Here's a puzzle for you, Python fans:

[adamw@adam dnf (master %)]$ python3
Python 3.6.5 (default, Apr 23 2018, 22:53:50) 
[GCC 8.0.1 20180410 (Red Hat 8.0.1-0.21)] on linux
Type "help", "copyright", "credits" or "license" for more information.
>>> from dnf.conf import MainConf
>>> mc = MainConf()
>>> print(mc.group_package_types)
['mandatory', 'default', 'conditional']
>>> mc.group_package_types.append('foo')
>>> print(mc.group_package_types)
['mandatory', 'default', 'conditional']
>>>

Note: if you want to try reproducing this...make sure you use DNF 3. It works as expected with DNF < 3. That's why it just showed up as a problem.

Before I explain what's going on there...let's unpick the problem a bit for non-Pythonistas.

In Python (and in many other languages) some things - objects - are 'mutable', and some are 'immutable'. A 'mutable' object can be changed. An 'immutable' object cannot.

In the Python session above, we create an object, mc, which is an instance of the class MainConf (don't worry if you don't entirely understand that, it's not compulsory). We then examine one attribute of mc: mc.group_package_types. Python tells us that this is ['mandatory', 'default', 'conditional'] - which is a Python list containing the values 'mandatory', 'default' and 'conditional'.

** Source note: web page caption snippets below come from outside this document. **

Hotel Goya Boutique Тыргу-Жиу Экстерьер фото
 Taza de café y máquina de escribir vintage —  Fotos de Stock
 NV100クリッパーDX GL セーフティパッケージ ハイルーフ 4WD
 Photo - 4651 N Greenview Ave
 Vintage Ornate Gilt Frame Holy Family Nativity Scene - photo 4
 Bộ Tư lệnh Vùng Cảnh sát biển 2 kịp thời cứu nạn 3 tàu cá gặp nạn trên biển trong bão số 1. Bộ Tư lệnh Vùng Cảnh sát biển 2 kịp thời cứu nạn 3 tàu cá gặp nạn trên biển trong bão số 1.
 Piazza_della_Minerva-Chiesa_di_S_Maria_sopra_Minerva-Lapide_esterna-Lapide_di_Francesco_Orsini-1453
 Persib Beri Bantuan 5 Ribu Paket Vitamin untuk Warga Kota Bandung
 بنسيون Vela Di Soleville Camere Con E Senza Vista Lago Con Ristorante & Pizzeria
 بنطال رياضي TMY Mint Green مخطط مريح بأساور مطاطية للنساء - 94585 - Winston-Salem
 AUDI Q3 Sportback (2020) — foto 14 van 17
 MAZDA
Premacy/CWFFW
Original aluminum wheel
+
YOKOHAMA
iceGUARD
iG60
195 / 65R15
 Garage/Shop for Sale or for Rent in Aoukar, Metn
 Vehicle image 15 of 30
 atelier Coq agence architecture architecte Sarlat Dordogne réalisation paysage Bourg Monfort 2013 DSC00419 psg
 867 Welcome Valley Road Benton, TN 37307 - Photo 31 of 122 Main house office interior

In Python, lists are 'mutable'. That means you can take a list and change it somehow - remove an item from it, add an item to it, re-order it - and it's still the same object. Any existing reference to the object is still valid, and now refers to the changed list.

For comparison, an example of an 'immutable' object is a string. If you do this:

mystring = "here's some text"

you can't then change the actual string object referenced by mystring there. It has no methods that let you change it in any way, and there are no functions that can operate on it and change it. You can do this:

mystring = "here's some text"
mystring = "here's some different text"
mystring = mystring.replace("some", "some more")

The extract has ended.